Does this imply that there was a minor software download in the last round of program guide updates?


----------



## pfunky (Sep 15, 2006)

Certainly a possibility...the "load time" seemed to take a bit longer than usual. Either way though...it might just be a configuration change, not necessarily "new" software. We probably already have TivoToGo already ON our machines...just disabled.


----------



## GoHokies! (Sep 21, 2005)

pfunky said:


> Certainly a possibility...the "load time" seemed to take a bit longer than usual. Either way though...it might just be a configuration change, not necessarily "new" software. We probably already have TivoToGo already ON our machines...just disabled.


Exactly, this just sent a configuration change to the S3 changing the permissions from "i, i, i" to "a, a, a" but it looks like there is something in the software that stops the Tivo from following through with the transfer. That's what an update is needed to change.

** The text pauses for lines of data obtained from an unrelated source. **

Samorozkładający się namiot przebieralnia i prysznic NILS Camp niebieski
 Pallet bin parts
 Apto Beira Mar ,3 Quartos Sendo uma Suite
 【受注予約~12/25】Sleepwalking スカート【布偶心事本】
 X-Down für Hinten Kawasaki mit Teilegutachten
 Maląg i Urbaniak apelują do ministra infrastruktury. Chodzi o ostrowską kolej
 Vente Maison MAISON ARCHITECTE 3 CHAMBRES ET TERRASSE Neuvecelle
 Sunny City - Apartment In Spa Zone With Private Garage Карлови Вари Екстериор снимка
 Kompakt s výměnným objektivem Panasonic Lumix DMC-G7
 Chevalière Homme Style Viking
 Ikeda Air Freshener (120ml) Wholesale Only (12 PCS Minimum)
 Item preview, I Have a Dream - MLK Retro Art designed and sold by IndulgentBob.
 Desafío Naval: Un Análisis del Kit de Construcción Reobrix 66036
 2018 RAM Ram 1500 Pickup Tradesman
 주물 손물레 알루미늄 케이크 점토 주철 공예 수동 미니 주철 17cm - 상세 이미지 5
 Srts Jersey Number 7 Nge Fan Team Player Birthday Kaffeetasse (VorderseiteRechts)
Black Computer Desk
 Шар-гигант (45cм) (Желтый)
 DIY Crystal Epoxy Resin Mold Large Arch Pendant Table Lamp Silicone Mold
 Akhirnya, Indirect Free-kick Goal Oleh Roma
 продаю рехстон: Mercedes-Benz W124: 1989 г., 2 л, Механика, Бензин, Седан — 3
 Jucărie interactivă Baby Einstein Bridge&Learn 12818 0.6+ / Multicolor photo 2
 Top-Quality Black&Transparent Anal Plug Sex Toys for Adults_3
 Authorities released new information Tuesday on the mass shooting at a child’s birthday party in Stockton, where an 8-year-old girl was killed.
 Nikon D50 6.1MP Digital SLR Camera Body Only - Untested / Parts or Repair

But, I'm really pretty excited at this point to be getting at least something. I got the same "doesn't yet recognize the S3" error message this morning, but there was a transfer going on in between the two S2's on the network. It'll be interesting to see if there is anything different when the S2s aren't in mid-transfer...


----------



## Leo_N (Nov 13, 2003)

GoHokies! said:


> Exactly, this just sent a configuration change to the S3 changing the permissions from "i, i, i" to "a, a, a" but it looks like there is something in the software that stops the Tivo from following through with the transfer. That's what an update is needed to change.
> 
> But, I'm really pretty excited at this point to be getting at least something. I got the same "doesn't yet recognize the S3" error message this morning, but there was a transfer going on in between the two S2's on the network. It'll be interesting to see if there is anything different when the S2s aren't in mid-transfer...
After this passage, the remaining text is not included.